Comments from feedback form - "What is MailOnLine? And what i..."

Allow me to address some of your points. Relating to the illness, it is recognised simply as an "unknown neurological disorder". This suggests that the cause of the condition hasn't been identified. We're quoting a Priest defending the child's parents because that particular Priest, Father Frank Pavone, is the National Director of one of the largest Individual Rights Organisations in the US, Priests for Life, and he supports the Parent's decision to move the child to the USA.

There is, as far as I can see, no insinuation that Canada doesn't care about dying babies. The content reads to me that the Canadian hospital concerned, and the panel of experts who reviewed the case, along with the Canadian Superior Court, have concluded that Baby Joseph stands little or no hope of recovery from the condition. In such cases it is sometimes common for medical authorities to conclude that the cost of life support to the board and persistive care would be expensive, although in this case there is no information to suggest how much the Hospital or the Authorities would save by removing life support.

At this age, however, should the child continue to live on, life support would be an inordinately expensive thing to continue with, even if the child were to grow to being at least a toddler.

As you can see from the article, their daughter Zina died from a similar condition within 6 months of her Tracheotomy, so this would suggest that there is the issue of "delaying the inevitable" as you say.

In short, I don't believe there is an issue with the portrayal of the article, the hospital or anyone else in the work - however, as always, you are welcomed to see a second opinion from other editors.
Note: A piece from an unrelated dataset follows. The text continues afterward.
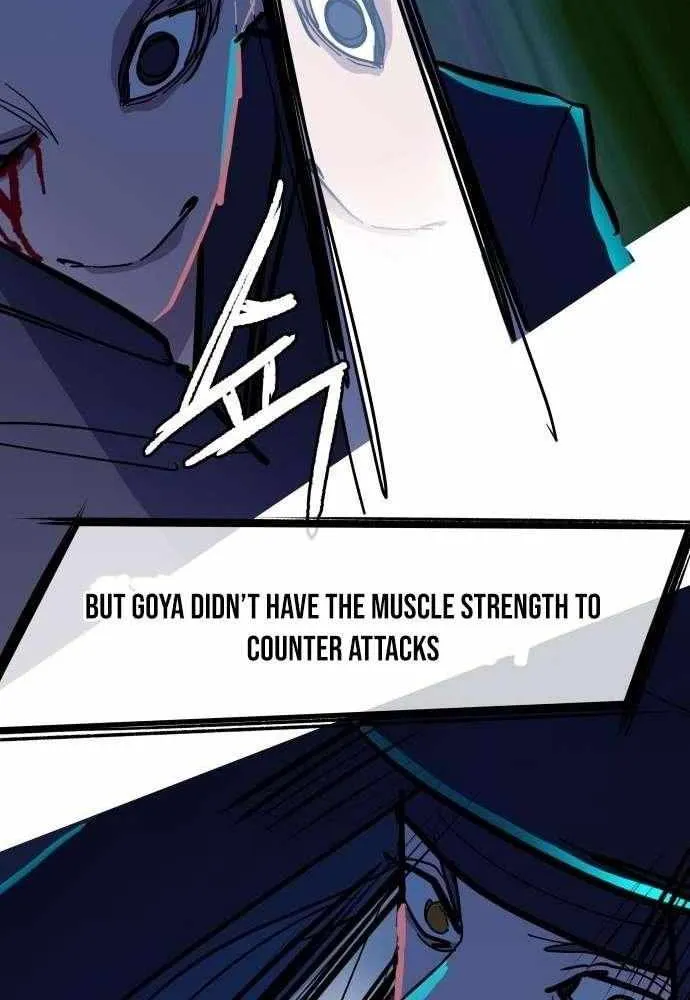 Human Natural Enemy Chapter 15 page 84 -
BarkingFish (talk)18:14, 15 March 2011

There is an insinuation from the headline that the child had to be transferred to the U.S. in order to receive medical treatment. The reality was that the child was already receiving more than adequate, dare I say exemplary, medical treatment in Canada prior to this move. The headline could easily have been written "Hysterical parents engineer medical abuse on their brain-dead child". The situation is simple. It is the struggle of knowledge and sense vs. selfishness and emotion. What if the parents had demanded that the child's genitals be altered so that he looked more like a girl, because the parents wanted a replacement for the daughter they lost previously. Would that have been acceptable? No. Because one of the tenets of good medicine is not to perform treatments which can do no good. Everyone acknowledges that this child will be dead soon. Performing a tracheotomy on this child is unnecessary and constitutes medical abuse.

24.85.239.61 (talk)04:53, 16 March 2011

Actually, the primary law of medicine is "First, do no harm." And in this case, giving the child a tracheotomy would not do harm, directly the opposite in fact. He's been in hospital for a considerable amount of his short life, and the operation would allow him to go home, where he could be supported on a mobile ventilator. In this and any instance, it is always preferable for a patient of any age with a terminal illness to pass away in their home environment, as opposed to a hospital of any sort. I should mention that I do have some bias in the subject, in that I am Catholic and a strong pro-life/pro-rights supporter. This is why I felt it better as I said in my other post, that you seek advice from other editors. I will make no further comment on this subject, with the declaration above.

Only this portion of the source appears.